Using the data below, reproduce exactly the lines from the line with "Naples Ochre Yellow Tweed Pea Coat - Image 2" to the line with "Cotswold Womens/Ladies Wotton", both included; pictures must be dropped.
---- RECORDS FOR PROCESSING
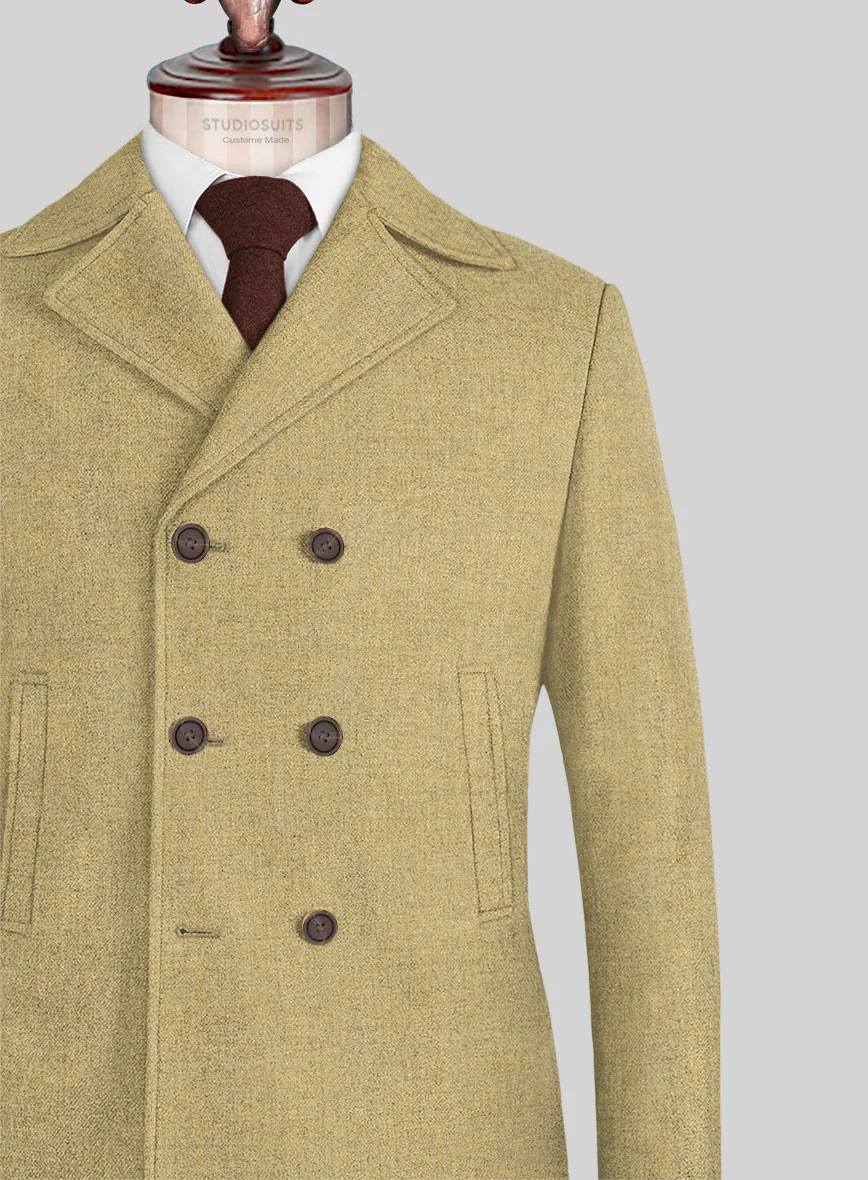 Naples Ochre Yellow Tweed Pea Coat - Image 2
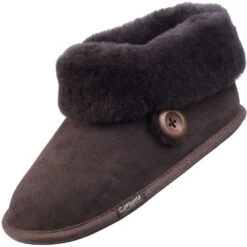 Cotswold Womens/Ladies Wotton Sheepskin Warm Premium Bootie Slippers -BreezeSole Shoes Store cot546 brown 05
--------
---- RECORDS FOR PROCESSING
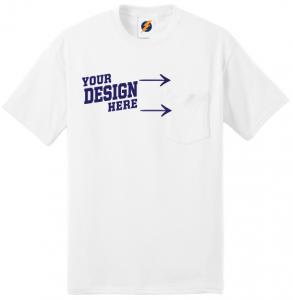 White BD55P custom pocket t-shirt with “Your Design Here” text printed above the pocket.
--------
---- RECORDS FOR PROCESSING
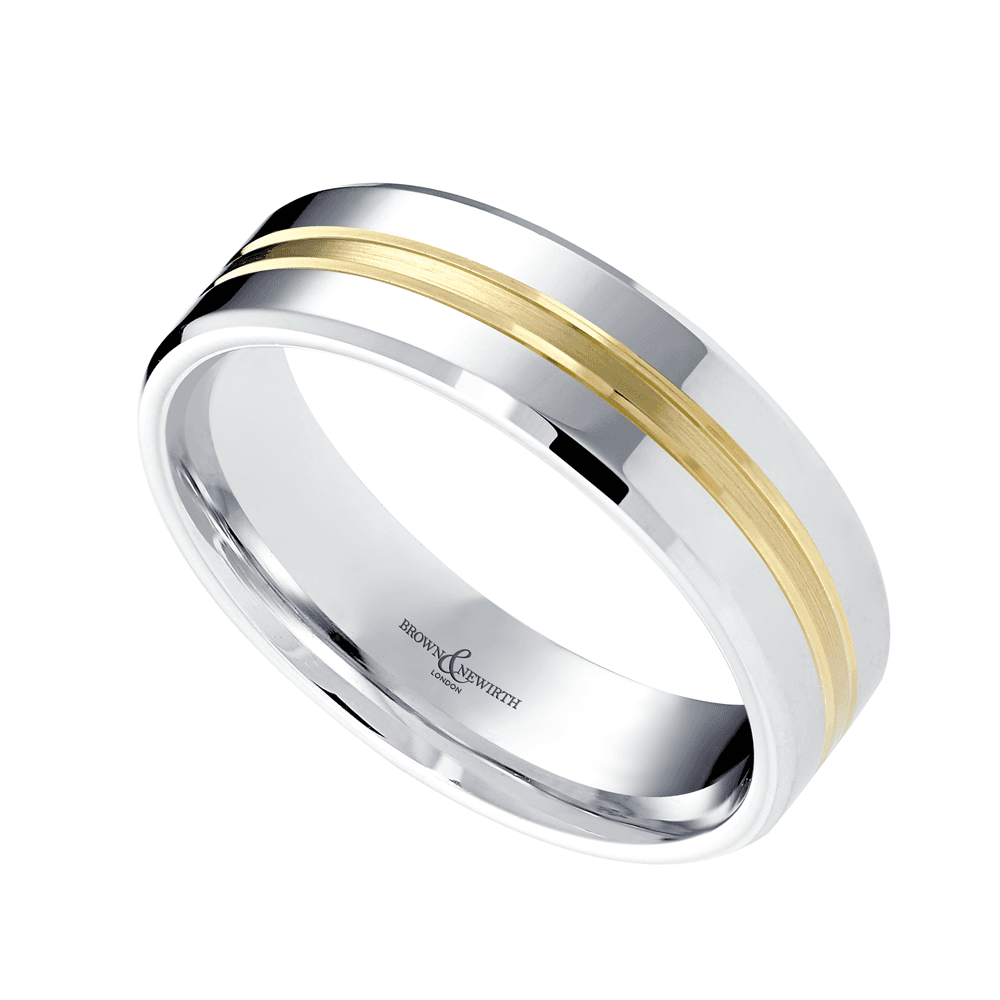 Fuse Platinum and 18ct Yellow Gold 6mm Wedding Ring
--------
= SOLUTION FOR THIS PROBLEM =
 Naples Ochre Yellow Tweed Pea Coat - Image 2
 Cotswold Womens/Ladies Wotton Sheepskin Warm Premium Bootie Slippers -BreezeSole Shoes Store cot546 brown 05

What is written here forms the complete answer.